Since last year a number of serious environmental pollution incidents have arisen in China. The serious water pollution of Lake Taihu and Lake Chaohu as well as the huge amount of contaminative floating on the Yangtze River are telling of the grave destruction that China's survival base. However, the most ironic implication is that this series of environmental and ecological crises are not natural disasters but man-made calamities.

Take China's top ten environmental pollution incidents in 2006 for instance. Among the man-made calamities were incidents of lead pollution in Hui County, Gansu Province, arsenic pollution in Yueyang City, Hunan Province, waste battery pollution in the East Sea, phosphorous pollution in Zunyi County, Guizhou Province, and diesel oil leakage in Luzhou City, Sichuan Province. While these incidents were man-made, others seem much more like Mother Nature fighting back against human beings. Lake Taihu is a perfect example. At one time, 10 percent of China's gross domestic product and 16 percent of the national fiscal revenue were drawn from the economic miracle in the Lake Taihu basin. Local authorities were once very proud of these figures. Unfortunately, these authorities ignored a simple fact: this economic achievement was at the expense of the excessive use of the environment. How can the Lake Taihu basin withstand human's predatory development with modern technology?

Lake Taihu's ecological system has undergone unprecedented damage. Apart from the shrinkage of the Lake, water pollution, and the decrease of wetlands around the lake, blue-green algae have long been a big problem. Although the situation is not particularly serious this year, the algae have become permanent occupants of the Lake. According to a conservative official estimate, the annual loss resulting from Lake Taihu's water pollution is around five billion Yuan (US$655 million). How can these problems be played down while claiming that economic development is more important than environmental protection?

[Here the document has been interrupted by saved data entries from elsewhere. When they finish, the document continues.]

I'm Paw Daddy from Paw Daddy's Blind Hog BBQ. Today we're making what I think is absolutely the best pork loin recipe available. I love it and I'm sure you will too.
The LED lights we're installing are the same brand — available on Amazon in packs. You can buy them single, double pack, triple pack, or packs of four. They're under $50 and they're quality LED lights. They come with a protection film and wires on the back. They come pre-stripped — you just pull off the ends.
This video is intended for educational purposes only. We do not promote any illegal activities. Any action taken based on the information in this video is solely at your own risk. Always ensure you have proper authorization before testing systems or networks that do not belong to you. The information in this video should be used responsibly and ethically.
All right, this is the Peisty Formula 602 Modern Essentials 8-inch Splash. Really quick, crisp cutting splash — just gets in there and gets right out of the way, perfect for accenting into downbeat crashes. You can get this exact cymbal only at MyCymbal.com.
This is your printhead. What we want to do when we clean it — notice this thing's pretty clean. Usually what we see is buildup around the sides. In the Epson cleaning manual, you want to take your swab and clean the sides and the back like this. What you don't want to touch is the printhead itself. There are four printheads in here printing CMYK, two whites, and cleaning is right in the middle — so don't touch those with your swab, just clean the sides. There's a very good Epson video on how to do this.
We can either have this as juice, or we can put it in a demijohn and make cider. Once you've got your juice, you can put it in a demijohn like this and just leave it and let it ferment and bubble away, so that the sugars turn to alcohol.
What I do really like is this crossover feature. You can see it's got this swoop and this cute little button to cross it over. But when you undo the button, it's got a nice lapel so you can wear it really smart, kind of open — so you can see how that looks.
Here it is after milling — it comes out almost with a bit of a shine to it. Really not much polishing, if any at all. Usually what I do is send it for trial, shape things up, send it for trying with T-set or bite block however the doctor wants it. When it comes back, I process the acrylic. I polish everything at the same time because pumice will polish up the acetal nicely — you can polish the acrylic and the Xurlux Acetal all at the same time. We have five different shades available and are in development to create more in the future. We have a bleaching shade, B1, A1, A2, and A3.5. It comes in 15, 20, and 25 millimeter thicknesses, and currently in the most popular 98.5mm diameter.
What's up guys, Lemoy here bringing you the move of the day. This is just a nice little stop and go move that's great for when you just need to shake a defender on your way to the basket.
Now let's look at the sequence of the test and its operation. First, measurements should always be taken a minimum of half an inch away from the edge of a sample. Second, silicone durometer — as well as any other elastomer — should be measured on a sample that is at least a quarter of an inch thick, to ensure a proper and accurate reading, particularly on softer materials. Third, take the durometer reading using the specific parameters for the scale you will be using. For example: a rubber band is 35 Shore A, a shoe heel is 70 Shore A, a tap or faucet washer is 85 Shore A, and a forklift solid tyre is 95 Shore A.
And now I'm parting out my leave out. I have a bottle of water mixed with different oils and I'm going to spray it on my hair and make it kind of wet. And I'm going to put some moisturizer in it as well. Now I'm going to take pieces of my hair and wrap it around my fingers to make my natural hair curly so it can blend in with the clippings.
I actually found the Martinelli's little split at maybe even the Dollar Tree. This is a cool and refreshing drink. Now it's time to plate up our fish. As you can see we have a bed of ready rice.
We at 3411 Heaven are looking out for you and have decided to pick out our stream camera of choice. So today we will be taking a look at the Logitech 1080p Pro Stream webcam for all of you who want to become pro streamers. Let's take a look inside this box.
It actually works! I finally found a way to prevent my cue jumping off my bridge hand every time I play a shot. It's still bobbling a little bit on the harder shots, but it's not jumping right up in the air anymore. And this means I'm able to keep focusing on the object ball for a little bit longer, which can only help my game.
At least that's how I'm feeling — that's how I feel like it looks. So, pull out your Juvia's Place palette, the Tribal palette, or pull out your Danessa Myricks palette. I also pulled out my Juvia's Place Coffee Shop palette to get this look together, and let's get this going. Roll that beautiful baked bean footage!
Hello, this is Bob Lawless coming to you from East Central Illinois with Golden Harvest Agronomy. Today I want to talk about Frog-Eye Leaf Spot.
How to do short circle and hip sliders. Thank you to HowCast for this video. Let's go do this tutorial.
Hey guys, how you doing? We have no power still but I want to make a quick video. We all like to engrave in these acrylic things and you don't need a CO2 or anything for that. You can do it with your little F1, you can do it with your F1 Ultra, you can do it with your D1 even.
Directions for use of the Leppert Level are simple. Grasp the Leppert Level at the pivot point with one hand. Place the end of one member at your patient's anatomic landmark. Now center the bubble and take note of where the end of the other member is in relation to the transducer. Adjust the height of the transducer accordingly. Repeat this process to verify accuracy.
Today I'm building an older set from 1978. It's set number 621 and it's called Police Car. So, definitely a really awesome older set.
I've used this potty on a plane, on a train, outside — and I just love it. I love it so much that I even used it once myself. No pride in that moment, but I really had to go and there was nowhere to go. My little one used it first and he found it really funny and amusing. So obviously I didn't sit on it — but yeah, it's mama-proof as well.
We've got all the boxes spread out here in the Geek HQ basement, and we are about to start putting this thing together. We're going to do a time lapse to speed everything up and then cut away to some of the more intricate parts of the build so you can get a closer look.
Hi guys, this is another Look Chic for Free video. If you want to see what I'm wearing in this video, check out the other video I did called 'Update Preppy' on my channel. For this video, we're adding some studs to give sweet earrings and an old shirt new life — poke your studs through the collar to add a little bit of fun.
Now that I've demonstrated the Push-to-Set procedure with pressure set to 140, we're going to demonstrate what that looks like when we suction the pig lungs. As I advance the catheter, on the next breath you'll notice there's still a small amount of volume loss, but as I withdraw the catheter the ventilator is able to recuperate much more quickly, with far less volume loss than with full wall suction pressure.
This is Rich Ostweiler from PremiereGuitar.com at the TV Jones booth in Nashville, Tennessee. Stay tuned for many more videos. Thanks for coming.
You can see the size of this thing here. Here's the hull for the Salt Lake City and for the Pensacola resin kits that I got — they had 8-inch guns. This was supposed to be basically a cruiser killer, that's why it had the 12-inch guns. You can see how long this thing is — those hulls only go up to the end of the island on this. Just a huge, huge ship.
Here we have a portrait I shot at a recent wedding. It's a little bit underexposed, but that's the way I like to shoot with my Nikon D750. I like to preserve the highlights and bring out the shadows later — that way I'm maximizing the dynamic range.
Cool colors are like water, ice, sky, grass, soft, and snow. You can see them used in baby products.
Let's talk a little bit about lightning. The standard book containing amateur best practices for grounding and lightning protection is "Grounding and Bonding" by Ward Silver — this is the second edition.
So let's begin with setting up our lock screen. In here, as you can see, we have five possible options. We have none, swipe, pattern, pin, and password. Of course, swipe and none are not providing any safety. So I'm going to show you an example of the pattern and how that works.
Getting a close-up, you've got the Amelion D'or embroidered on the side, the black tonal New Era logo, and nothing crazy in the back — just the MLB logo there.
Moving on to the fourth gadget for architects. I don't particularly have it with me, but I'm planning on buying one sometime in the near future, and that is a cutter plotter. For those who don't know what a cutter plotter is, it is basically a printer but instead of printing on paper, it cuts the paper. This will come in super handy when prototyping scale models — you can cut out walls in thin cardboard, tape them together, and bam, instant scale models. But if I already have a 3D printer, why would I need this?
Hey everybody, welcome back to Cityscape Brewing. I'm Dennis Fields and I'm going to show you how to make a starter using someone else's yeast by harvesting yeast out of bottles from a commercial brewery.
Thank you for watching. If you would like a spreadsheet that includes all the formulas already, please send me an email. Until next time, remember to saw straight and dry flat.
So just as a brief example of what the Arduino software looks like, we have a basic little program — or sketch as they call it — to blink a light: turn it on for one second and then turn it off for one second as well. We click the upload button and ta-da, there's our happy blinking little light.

The frequent emergence of cases of this kind of large-scale pollution reveals the serious crisis in the Chinese authority's control over these matters.

The first indication of a crisis in control over these issues lies in the failure of the Chinese Communist Party (CCP)'s legal system. Over the past 20 years, the CCP has actually been quite active in drawing up environmental protection bills. Since it enacted the Environmental Protection Law in December 1989, other specific environmental protection laws have been issued one after another. Included among these are the Law on Prevention and Control of Water Pollution, the Law on the Prevention and Control of Atmospheric Pollution, the Law on Prevention and Control of Environmental Noise Pollution, the Law on Prevention and Control of Environmental Pollution by Solid Waste, and the Marine Environment Protection Law. The provisions of these laws seem feasible and the CCP has allowed media criticism on environmental protection issues. However, the reckless pollution caused by town and township enterprises in the 1980s have been replaced by medium and large state enterprises and foreign-invested enterprises with high pollution.

Failure of the assessment system is another problem. All of the CCP's environmental protection laws stipulate that prior to the establishment of any pollution-prone enterprises, local authorities' environmental protection departments should conduct professional assessments. In 2002, the National People's Congress also passed the Law on Environmental Impact Assessment, but pollution licenses have continually been issued one after another. Many enterprises do not even take the most basic environmental protection measures to dispose of their pollutants and it is even a common trend to directly discharge waste water into the river. As a result, this pollution license system has led to serious contributions to the pollution in China's rivers, lakes, sea and farmlands. The CCP's environmental protection assessment system has actually been a complete failure. The reason is due to the fact that all the officials of the environmental protection departments are under the supervision of secretaries of the city Party committees and the heads of the city authorities. If local officials' only concern is the growth of GDP, regarding it as their political credentials for promotion regardless of its impact on the environment, it's simply inevitable for environmental protection departments to falsify environmental assessment reports as per their superiors' wishes.

The third indication in a crisis of control is a failure in the enterprise external control system. According to relevant laws and regulations, all the local environmental protection departments are required to monitor pollution-prone enterprises at regular time and location. If pollution is found, the enterprises should be subject to penalties such as monetary fines or even closure of facilities. However, judging from the above-mentioned pollution cases, the local environmental protection agencies seem to be in state of dormancy.

In recent years there have also been many incidents people standing up environmental protection related rights. However, in each case, local authorities would always unexceptionally side with the enterprises, protecting the polluters' interests. A typical example of this irony is the incident with Wu Lihong, the “Defender of the Lake Taihu.” Two months prior to the blue-green algae pollution incident, Wu Lihong, who launched a campaign to protect the ecology of the Lake Taihu, was arrested by the local authority. When looking at local authority's hard stance on defending polluting enterprises and their way of regarding those who defend their rights against polluting enterprises as people engaged in anti-government acts, it's easy get a glimpse of the inside story. In other words, the CCP's way handling economics has made the authorities and enterprises a close common-interest Community.